A decades-spanning Brazilian melodrama about two sisters separated from each other—while it’s lushly-filmed and features strong performances, its repetitive nature and an underwhelming finale stop it from being a memorable film.
Dir. Karim Ainouz
2019 | Brazil | Drama | 140 mins | 2.39:1 | Portuguese
Not rated – likely to be R21 for strong sexual content/graphic nudity and some drug use
Cast: Julia Stockler, Carol Duarte, Antonio Fonseca, Flavia Gusmao
Plot: Kept apart by a terrible lie and a conservative society, two sisters born in Rio de Janeiro make their way through life each believing the other is living out her dreams half a world away.
Awards: Won Un Certain Regard Award (Cannes)
International Sales: The Match Factory
Subject Matter: Moderate – Sisterhood, Family, Dreams
Narrative Style: Slightly Complex
Pace: Slightly Slow
Audience Type: Slightly Arthouse
Brazil’s official submission to the 2020 Oscars for Best International Feature is slightly disappointing.

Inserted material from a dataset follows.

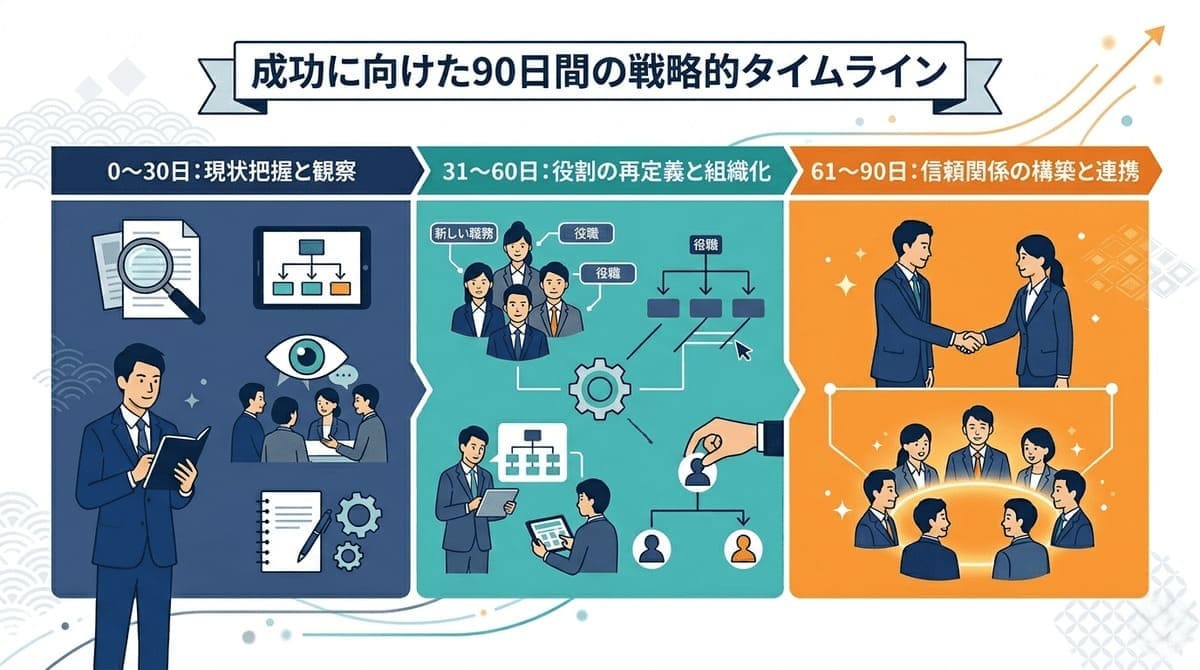 年上部下マネジメント7つの実践法を順序立てて示したフローチャート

It begins promisingly, at times looking like a Wong Kar-Wai film, with its lush visuals, intoxicating use of colours, and a camera that is ever-roving as it tries to capture the mood and sensuality of being in love in the ‘50s.
The story centres on two sisters, Euridice and Guida, who are very close to each other, but live with a strict and conservative father, and a mother who is no more than a benign shadow of the strong patriarchy reigning in the household.
When Guida, who dreams of where love can take her, inexplicably leaves the family one night, Euridice, who has dreams herself of being a concert pianist, has to contend with living without a sister.
Invisible Life charts the many years of separation, with neither sister knowing where the other is. Director Karim Ainouz gives us strong performances, particularly from Julia Stockler and Carol Duarte, who play Guida and Euridice respectively.
Much of the narrative is repetitive as each sister yearns for the other, time-stamped by a handful of letters that Guida writes to Euridice, hoping she would reciprocate.
One might find the estrangement between the two siblings unbearable, but Ainouz’s work is far more than that—it tackles the lot of working-class women through the life journeys of Guida (who is a single mother toiling in a job more suitable for males, but she grows into an independent woman of determination and courage), and Euridice (who marries into a traditional household and resigns to an ‘invisible life’).
While there is some momentum to its storytelling (well, at least I was interested to see how the film would end), its finale, while sure to induce tears, feels underwhelming to me as it seems like a segment forcibly attached to the film to give it a requisite semblance of closure.